### PROVIDED MATERIAL
BEGIN

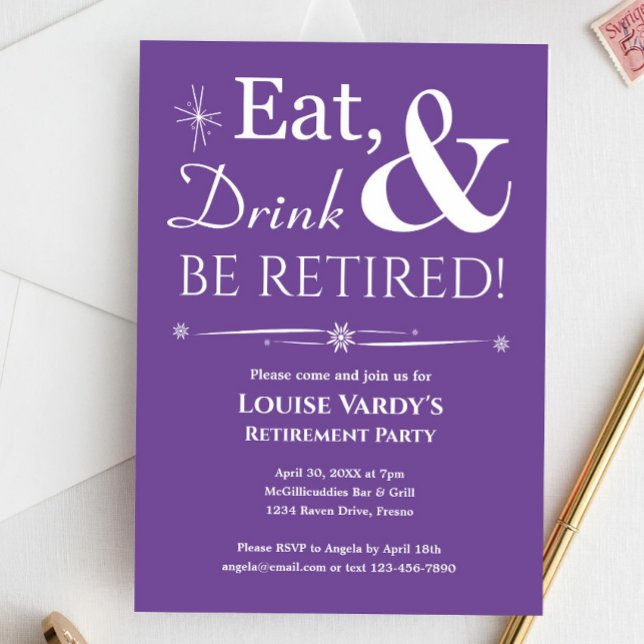 Retro Purple Eat Drink And Be Retired Invitation (Creator Uploaded)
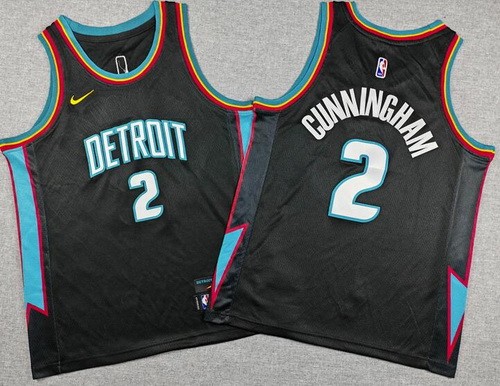 Youth Detroit Pistons #2 Cade Cunningham Black 2025 City Swingman Jersey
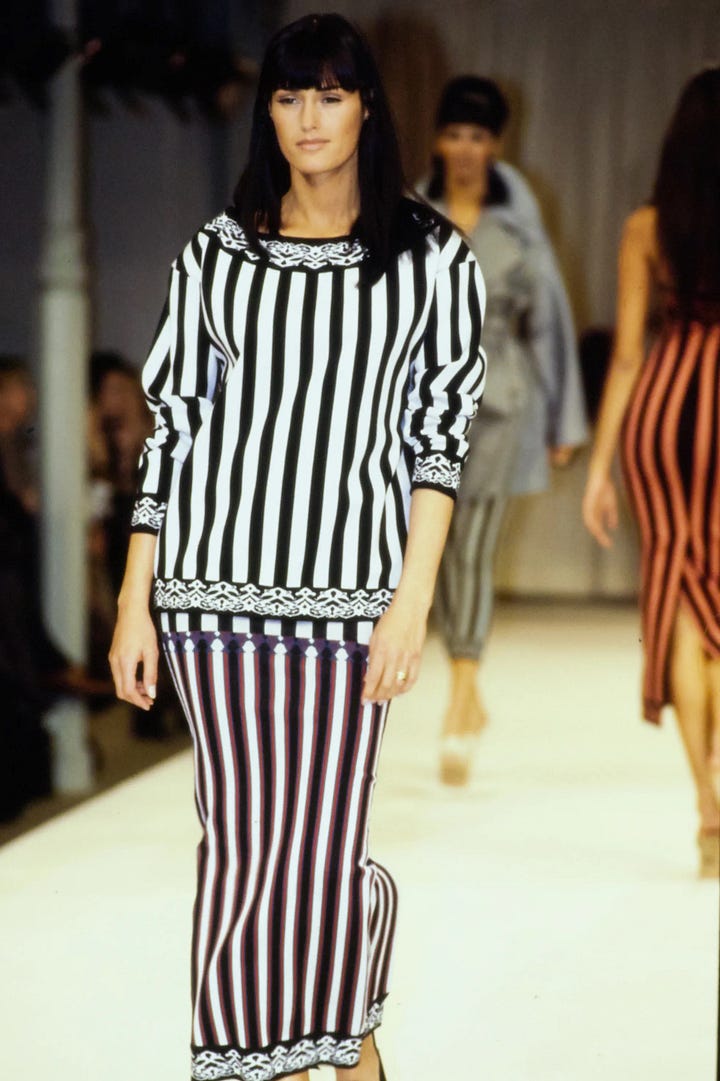 Black and white stripes at Gucci spring 2000 and Alaia spring 1992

END

### WHAT YOU NEED TO DO
Word for word, give again the lines from the line holding "Youth Detroit Pistons" through the last line of the material, both included; pictures are not part of the copy.

### YOUR RESPONSE
 Youth Detroit Pistons #2 Cade Cunningham Black 2025 City Swingman Jersey
 Black and white stripes at Gucci spring 2000 and Alaia spring 1992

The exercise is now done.